What to produce = Starting at the top of the records, output every line through the one that contains "Mariano Rajoy recibe", keeping each exactly as it appears.

Entries taken from a collection
┄┄┄┄┄┄
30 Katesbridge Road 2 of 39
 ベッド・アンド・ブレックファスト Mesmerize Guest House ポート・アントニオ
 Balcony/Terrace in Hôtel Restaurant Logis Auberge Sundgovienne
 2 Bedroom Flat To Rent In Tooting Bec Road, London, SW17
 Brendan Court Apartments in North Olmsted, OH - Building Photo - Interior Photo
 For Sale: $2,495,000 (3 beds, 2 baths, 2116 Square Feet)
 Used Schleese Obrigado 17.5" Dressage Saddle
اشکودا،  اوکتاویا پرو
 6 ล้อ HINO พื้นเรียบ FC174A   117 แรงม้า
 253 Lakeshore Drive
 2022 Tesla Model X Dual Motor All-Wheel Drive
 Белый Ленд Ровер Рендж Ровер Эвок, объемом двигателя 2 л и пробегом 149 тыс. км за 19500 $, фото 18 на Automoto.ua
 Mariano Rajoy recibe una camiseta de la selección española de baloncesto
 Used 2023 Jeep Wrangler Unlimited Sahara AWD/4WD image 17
┄┄┄┄┄┄
Finished exercise =
30 Katesbridge Road 2 of 39
 ベッド・アンド・ブレックファスト Mesmerize Guest House ポート・アントニオ
 Balcony/Terrace in Hôtel Restaurant Logis Auberge Sundgovienne
 2 Bedroom Flat To Rent In Tooting Bec Road, London, SW17
 Brendan Court Apartments in North Olmsted, OH - Building Photo - Interior Photo
 For Sale: $2,495,000 (3 beds, 2 baths, 2116 Square Feet)
 Used Schleese Obrigado 17.5" Dressage Saddle
اشکودا،  اوکتاویا پرو
 6 ล้อ HINO พื้นเรียบ FC174A   117 แรงม้า
 253 Lakeshore Drive
 2022 Tesla Model X Dual Motor All-Wheel Drive
 Белый Ленд Ровер Рендж Ровер Эвок, объемом двигателя 2 л и пробегом 149 тыс. км за 19500 $, фото 18 на Automoto.ua
 Mariano Rajoy recibe una camiseta de la selección española de baloncesto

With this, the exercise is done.